The trade body titled Scottish Renewables has commissioned a project to promote and enhance the onshore wind sector in Scotland. The move has requested the UK government to revoke the ban on turbine capacity. There has been commendable progress on the deployment of onshore wind turbines. UK is only expected to add another 2,000 megawatts of onshore wind capacity. These statistics are enough to compete to the forecast of 30,000 MW by Germany and 20,000 MW by France.
In Scotland, the renewable energy industry employs over 8,000 people and presently generates a quarter of the country’s total electricity. However, further future investment is required from UK in order to make the energy thus produced available to the people at a cheaper rate.
Scottish Renewables highlighted the Hagshaw Hill wind farm located in South Lanarkshire; Scotland offers “enormous” economic opportunities for investors and community. The turbines which were commissioned in the year 1995 are five times smaller than the machines deployed today. Their life term is supposed to be over in another five years.

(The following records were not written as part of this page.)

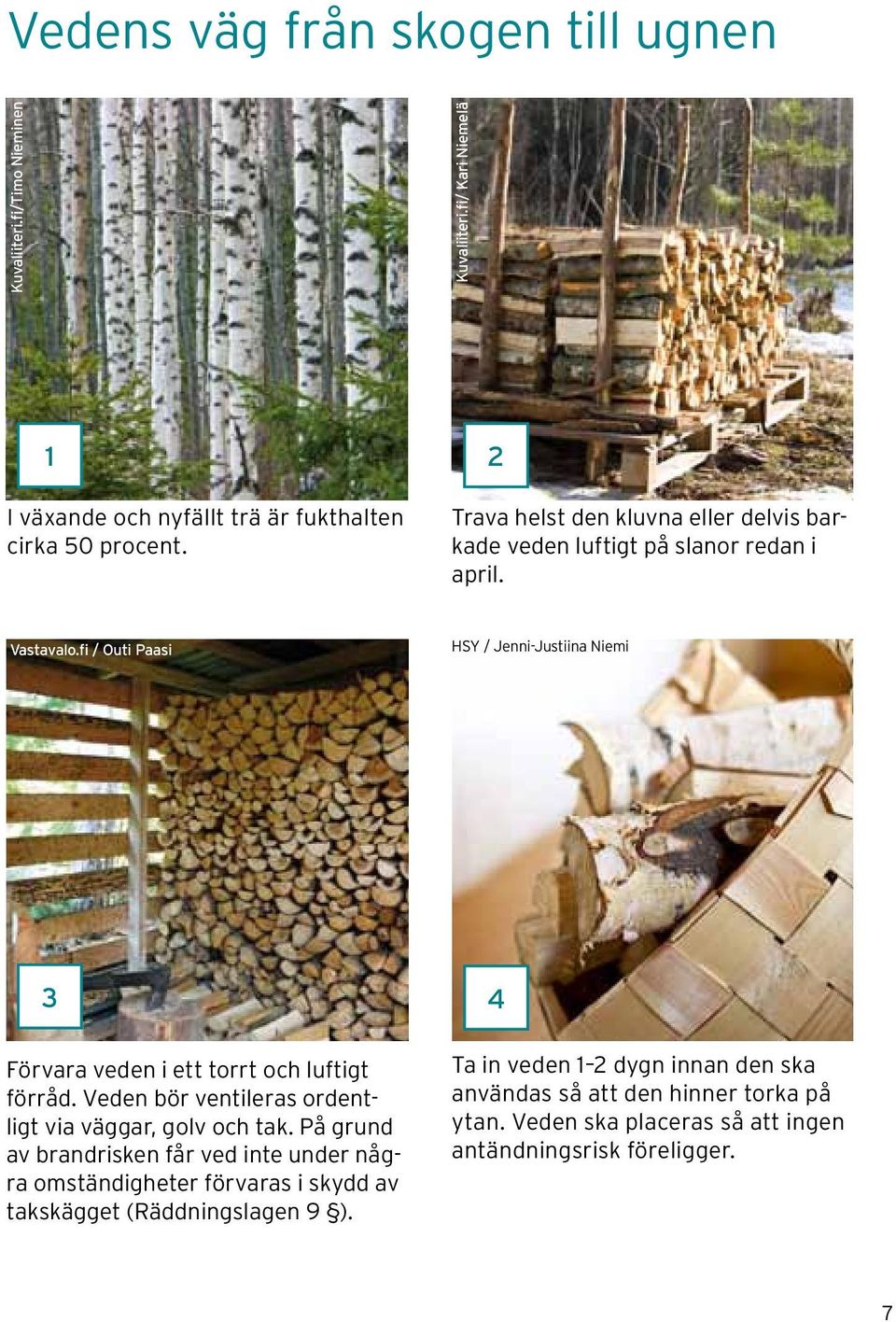 fi / Outi Paasi HSY / Jenni-Justiina Niemi 3 Förvara veden i ett torrt och luftigt förråd. Veden bör ventileras ordentligt via väggar, golv och tak.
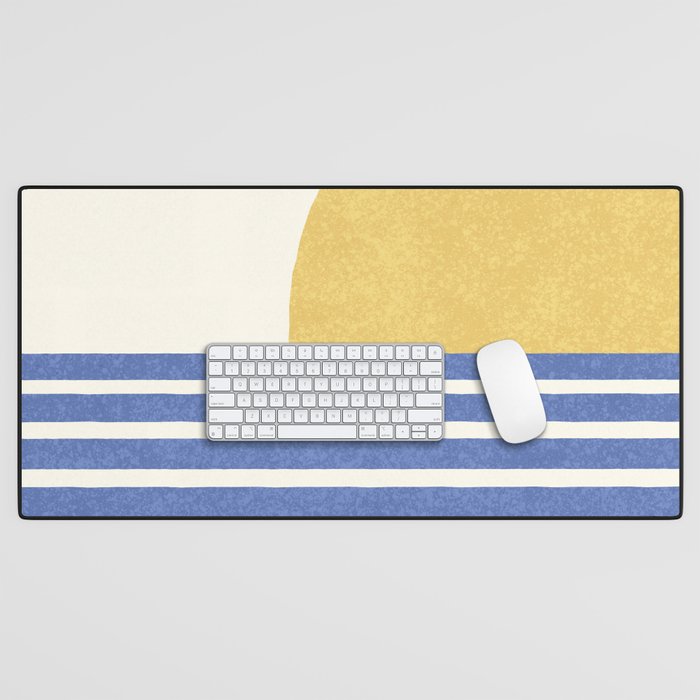 Beach Horizon Lines gold blue Desk Mat Gallery Image 1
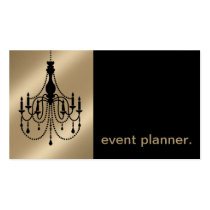 Chandelier Silhouette Event Planner metallic pearl cartes de visite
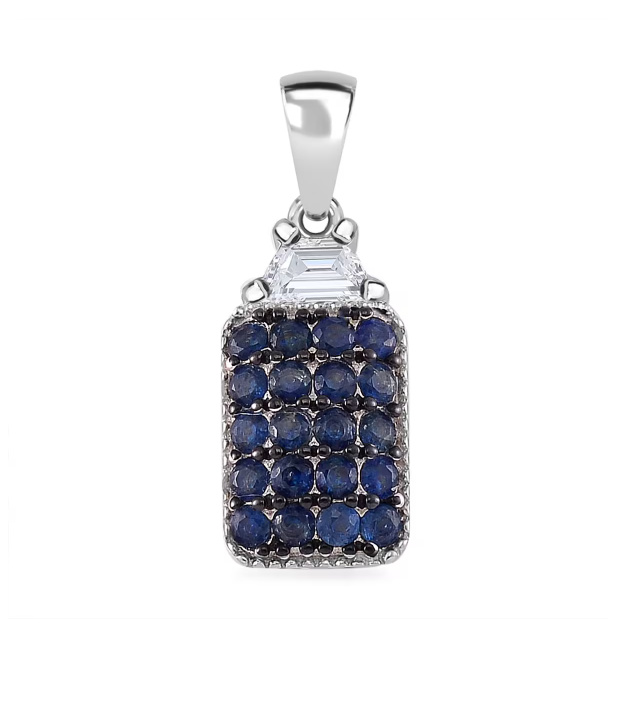 No Reserve Natural Sapphire & Zircon Pendant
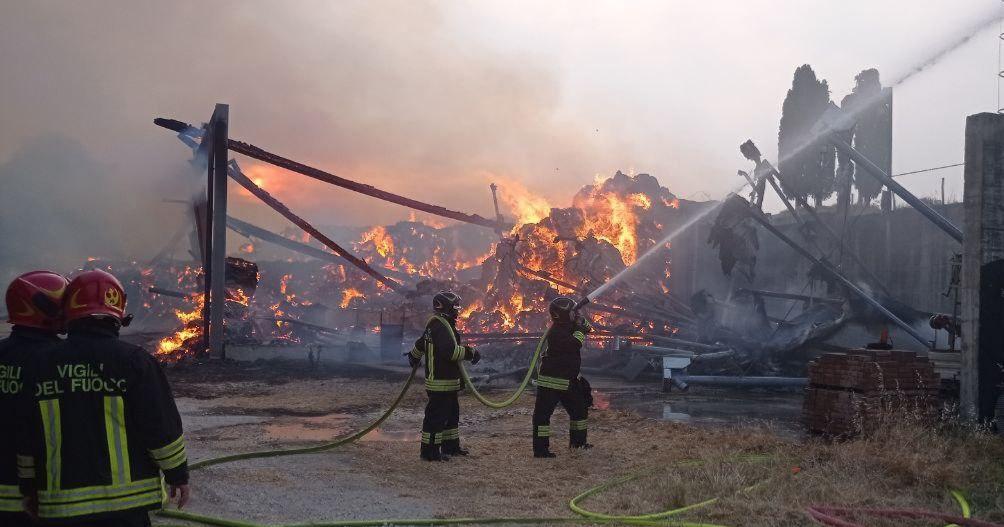 Maxi incendio devasta un’azienda agricola Maxi incendio devasta un’azienda agricola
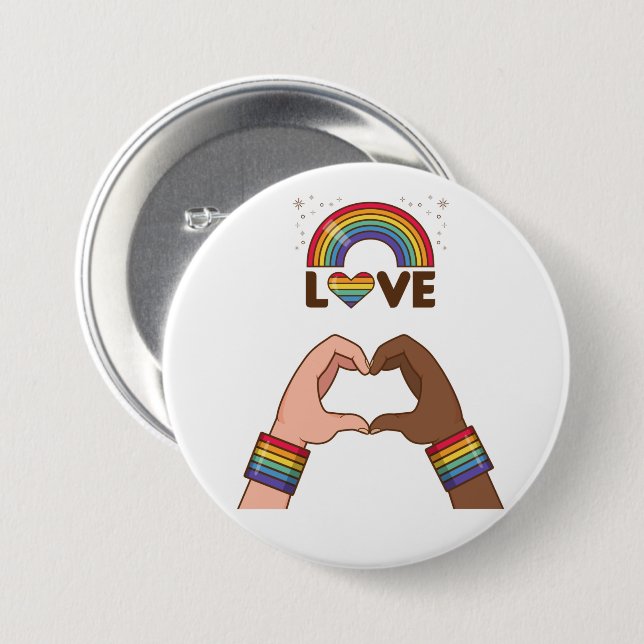LGBT+Stolz. Liebe Regenbogen. Herz. Button (Vorne & Hinten)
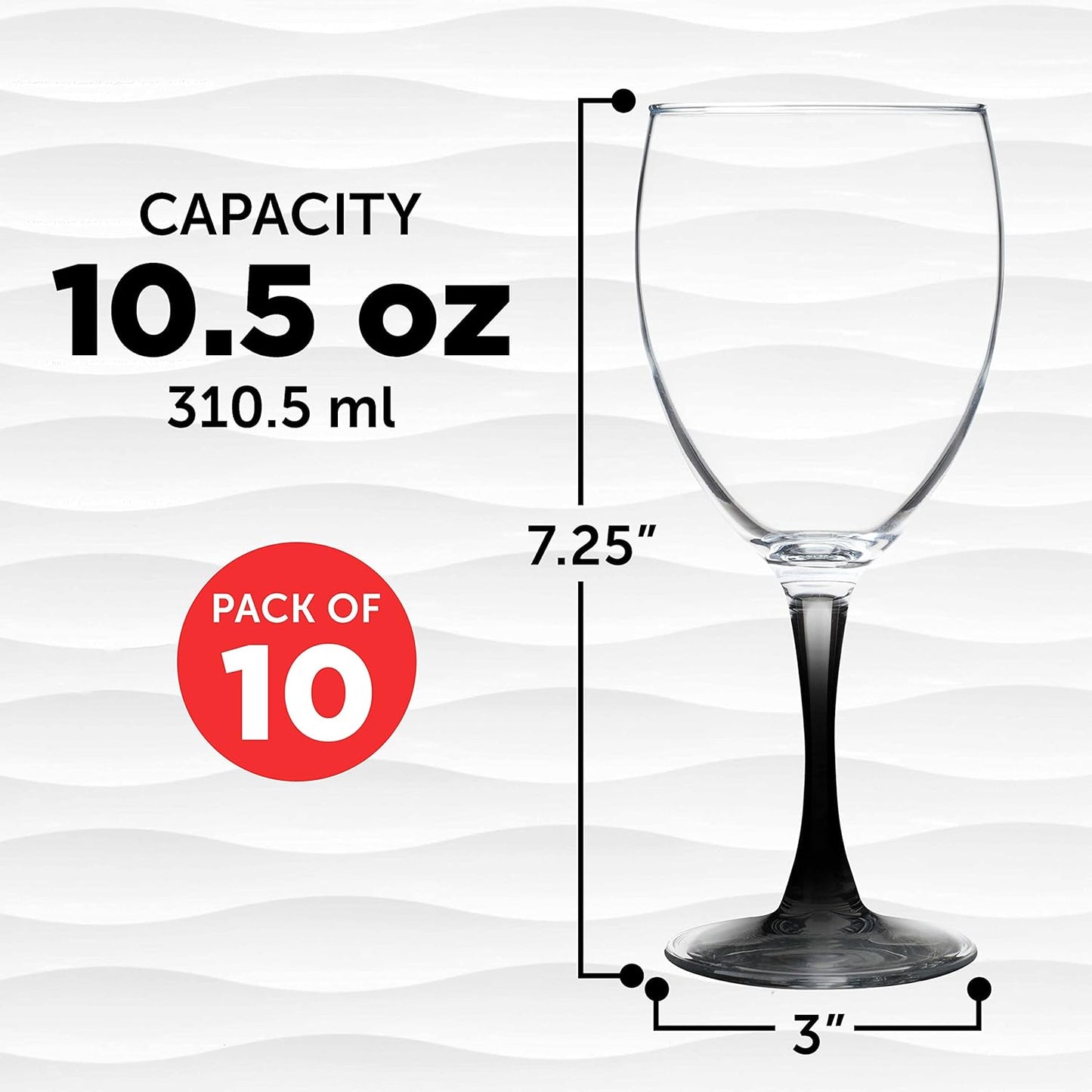 DISCOUNT PROMOS Nuance Wine Glasses by ARC 10.5 oz. Set of 10, Bulk Pack - Restaurant Glassware, Perfect for Red Wine, White Wine, Cocktails - Black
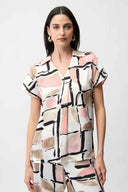Joseph Ribkoff Ladies Recycled Satin Abstract Print Boxy Top With V-neckline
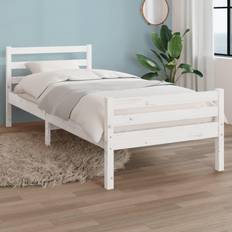 vidaXL Bed Frame White Solid 3FT Single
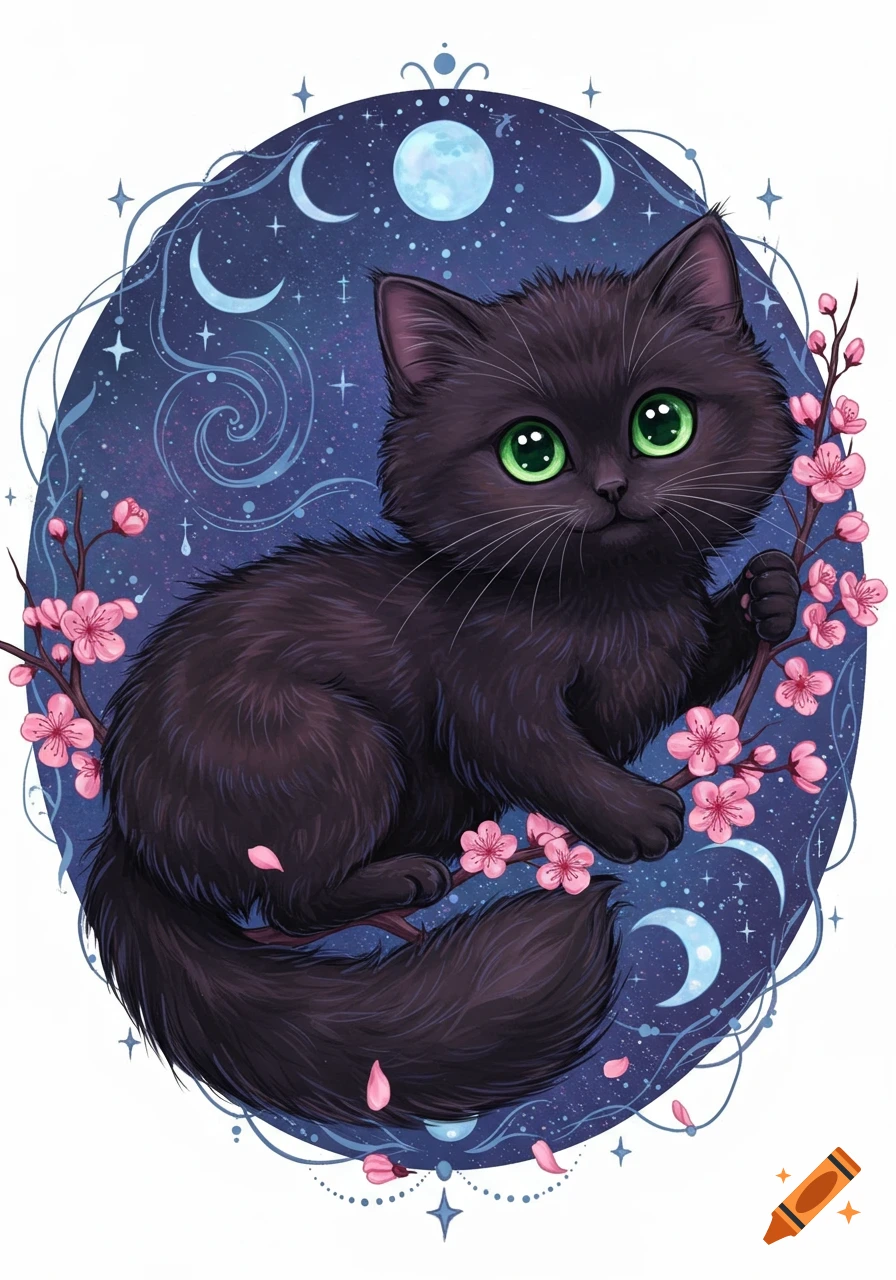 A cute black cat sits among cherry blossoms with a starry background and crescent moons.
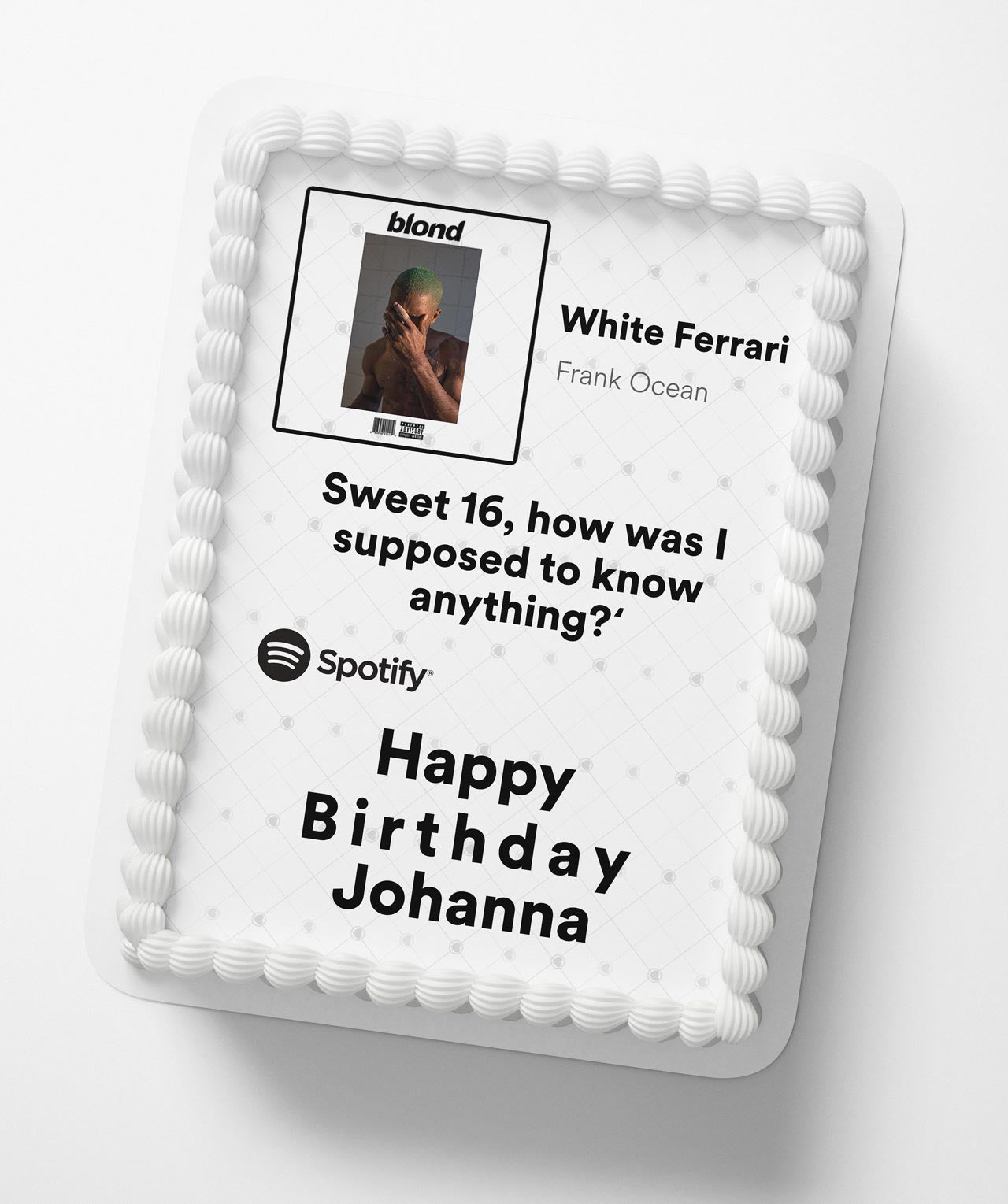 FO Frank White Ferrari Sweet 16 White QT Edible Cake Topper
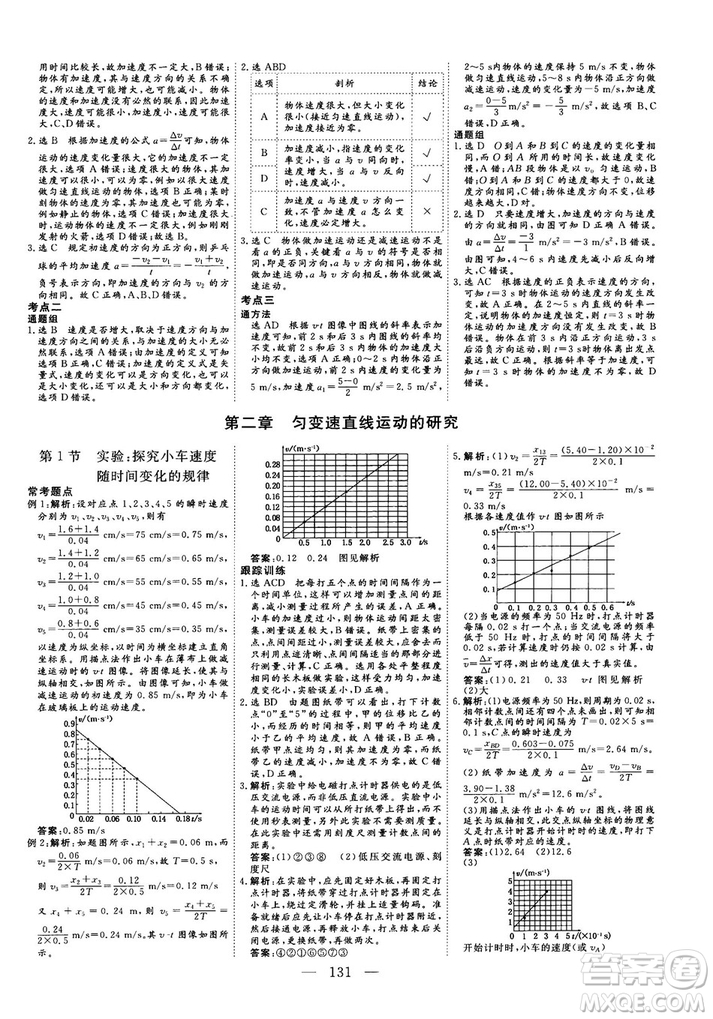 三維設(shè)計2018-2019版物理必修1人教版參考答案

“The UK is only expected to build an additional 2GW over the same period (16% of current UK onshore wind capacity), unless the UK government lifts a current ban which prevents most onshore wind projects competing in the energy market, UK businesses need low-cost supplies of electricity to be competitive and have already warned that failing to deploy the cheapest source of generation risks putting them at a disadvantage.” This has been stated by the officials.
“Generating electricity from 1GW of new onshore wind in Scotland in the early 2020s would be £100 million cheaper per year than generating the same amount of electricity from nuclear or biomass, and £30 million cheaper than offshore wind,” the renewables group also stated.